Making ethanol under new method could solve India's sugar surplus problem

Diverting sugarcane juice for making ethanol is a common practice across the world
The Centre this week not only raised the price of ethanol produced from C-heavy or C-grade molasses but also fixed a price for ethanol produced from B-heavy molasses and sugarcane juice for the first time.


Ethanol has been produced from C-heavy molasses, as production from the other two varieties wasn’t remunerative enough in the absence of any stable policy regime.


Further, for many years, there was restriction on directly manufacturing ethanol from sugarcane juice.

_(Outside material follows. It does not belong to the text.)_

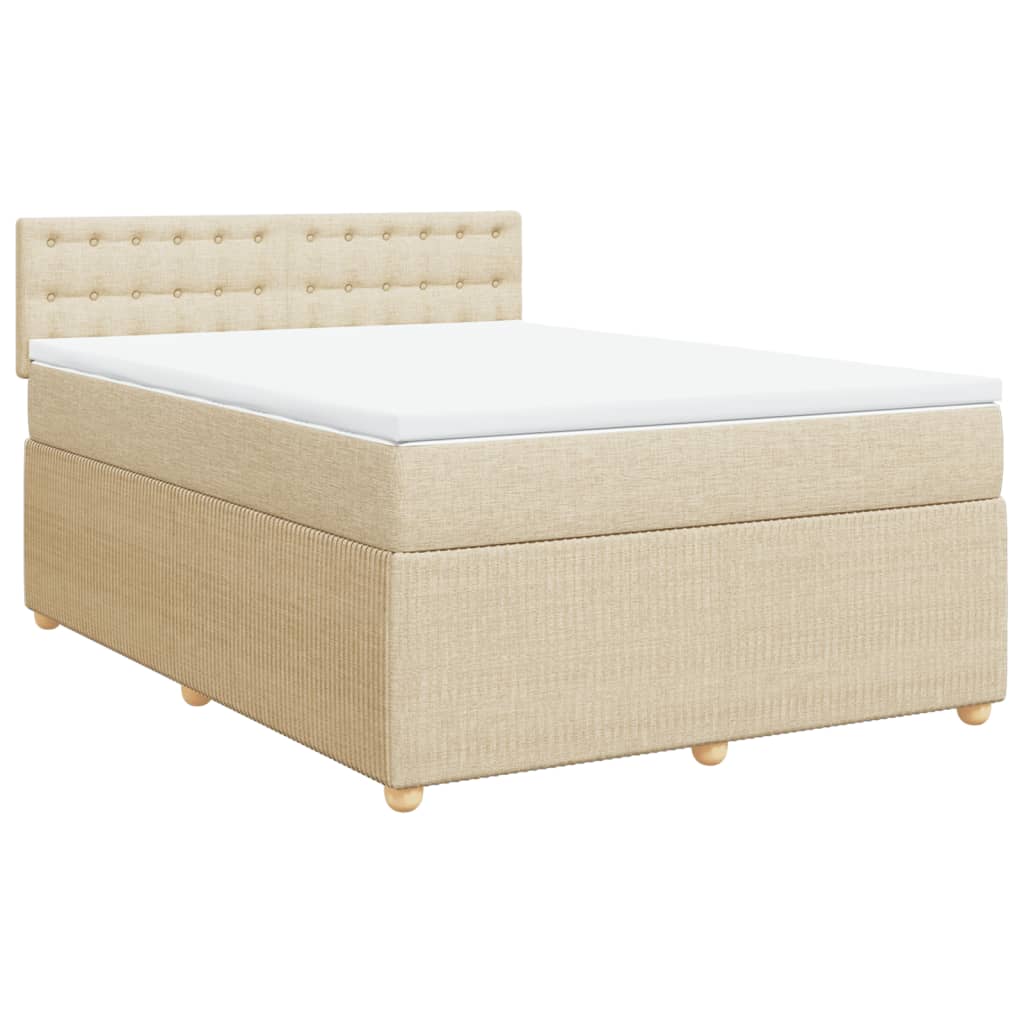 Cama box spring con colchón tela color crema 140x200 cm | Leroy Merlin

Even when the curbs were removed a few years ago, there weren’t many takers, as it required additional investment in setting up new distilleries, while there wasn’t a clear policy as to who would purchase the product and at what price.


Cane-based ethanol can be produced three different ways — directly from cane juice, from B-grade and C-grade molasses.


Diverting sugarcane juice for directly making ethanol is a very common practice across the world. In fact, almost all the ethanol produced in Brazil, the world’s largest sugar producer, is directly made from sugarcane juice. In contrast, in India, because of sugar shortage and prejudices associated with the diversion of a food crop for producing fuel, this wasn’t allowed for many years.  However, with sugar production jumping by a record 12 million tonnes in the 2016-17 season to almost 32 million tonnes in the 2017-18 season on the back of newer high-yielding varieties, the issue of sugar shortage no longer appears relevant at least for the next few years.


Further, this year’s production is much higher than the annual domestic demand of 25 million tonnes. This problem of plenty has led to sugar prices crashing below the cost of production.


Going forward, experts said that India might not see a big drop in output in the coming years and even if there is a fall, it will overturn sooner than expected.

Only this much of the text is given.